■ YOUR ASSIGNMENT
Two lines mark the range in the entries below: the one holding "Зеленский заявил о" and the one holding "Photo - 129 Almere Ave". Set down those two and all lines between them, exactly.

(Records from a data collection)
+ + +

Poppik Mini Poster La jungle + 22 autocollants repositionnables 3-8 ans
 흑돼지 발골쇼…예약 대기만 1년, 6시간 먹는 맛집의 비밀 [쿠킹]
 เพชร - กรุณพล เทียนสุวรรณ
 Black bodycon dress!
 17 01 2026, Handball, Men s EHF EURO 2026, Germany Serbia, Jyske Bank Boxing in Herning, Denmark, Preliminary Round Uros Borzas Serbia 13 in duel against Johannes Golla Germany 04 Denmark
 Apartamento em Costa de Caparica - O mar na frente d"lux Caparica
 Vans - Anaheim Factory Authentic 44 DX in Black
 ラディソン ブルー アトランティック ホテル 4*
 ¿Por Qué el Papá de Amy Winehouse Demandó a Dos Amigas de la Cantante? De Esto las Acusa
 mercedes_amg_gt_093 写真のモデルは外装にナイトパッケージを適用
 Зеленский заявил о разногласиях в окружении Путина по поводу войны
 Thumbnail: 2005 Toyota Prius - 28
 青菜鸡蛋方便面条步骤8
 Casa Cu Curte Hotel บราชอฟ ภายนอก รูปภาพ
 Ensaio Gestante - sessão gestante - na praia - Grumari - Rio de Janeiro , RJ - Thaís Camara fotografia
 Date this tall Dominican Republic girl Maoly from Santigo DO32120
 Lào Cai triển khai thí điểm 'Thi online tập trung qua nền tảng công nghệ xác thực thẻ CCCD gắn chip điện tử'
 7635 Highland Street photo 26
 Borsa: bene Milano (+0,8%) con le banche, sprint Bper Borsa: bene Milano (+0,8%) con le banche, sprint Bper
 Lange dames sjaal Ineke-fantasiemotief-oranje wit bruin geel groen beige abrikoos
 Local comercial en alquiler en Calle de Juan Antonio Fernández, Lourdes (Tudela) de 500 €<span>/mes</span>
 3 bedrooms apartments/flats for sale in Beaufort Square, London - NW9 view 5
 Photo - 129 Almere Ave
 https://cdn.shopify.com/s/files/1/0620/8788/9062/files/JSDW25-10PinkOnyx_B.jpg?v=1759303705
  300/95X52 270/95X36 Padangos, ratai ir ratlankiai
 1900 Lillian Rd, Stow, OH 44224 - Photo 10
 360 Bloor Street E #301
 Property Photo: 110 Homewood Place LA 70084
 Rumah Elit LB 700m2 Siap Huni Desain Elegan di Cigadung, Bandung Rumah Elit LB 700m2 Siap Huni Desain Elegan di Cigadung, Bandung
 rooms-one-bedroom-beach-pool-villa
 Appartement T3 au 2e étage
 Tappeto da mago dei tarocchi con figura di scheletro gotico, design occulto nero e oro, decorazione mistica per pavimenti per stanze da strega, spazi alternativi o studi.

+ + +

■ OUTPUT FOR THIS EXERCISE
 Зеленский заявил о разногласиях в окружении Путина по поводу войны
 Thumbnail: 2005 Toyota Prius - 28
 青菜鸡蛋方便面条步骤8
 Casa Cu Curte Hotel บราชอฟ ภายนอก รูปภาพ
 Ensaio Gestante - sessão gestante - na praia - Grumari - Rio de Janeiro , RJ - Thaís Camara fotografia
 Date this tall Dominican Republic girl Maoly from Santigo DO32120
 Lào Cai triển khai thí điểm 'Thi online tập trung qua nền tảng công nghệ xác thực thẻ CCCD gắn chip điện tử'
 7635 Highland Street photo 26
 Borsa: bene Milano (+0,8%) con le banche, sprint Bper Borsa: bene Milano (+0,8%) con le banche, sprint Bper
 Lange dames sjaal Ineke-fantasiemotief-oranje wit bruin geel groen beige abrikoos
 Local comercial en alquiler en Calle de Juan Antonio Fernández, Lourdes (Tudela) de 500 €<span>/mes</span>
 3 bedrooms apartments/flats for sale in Beaufort Square, London - NW9 view 5
 Photo - 129 Almere Ave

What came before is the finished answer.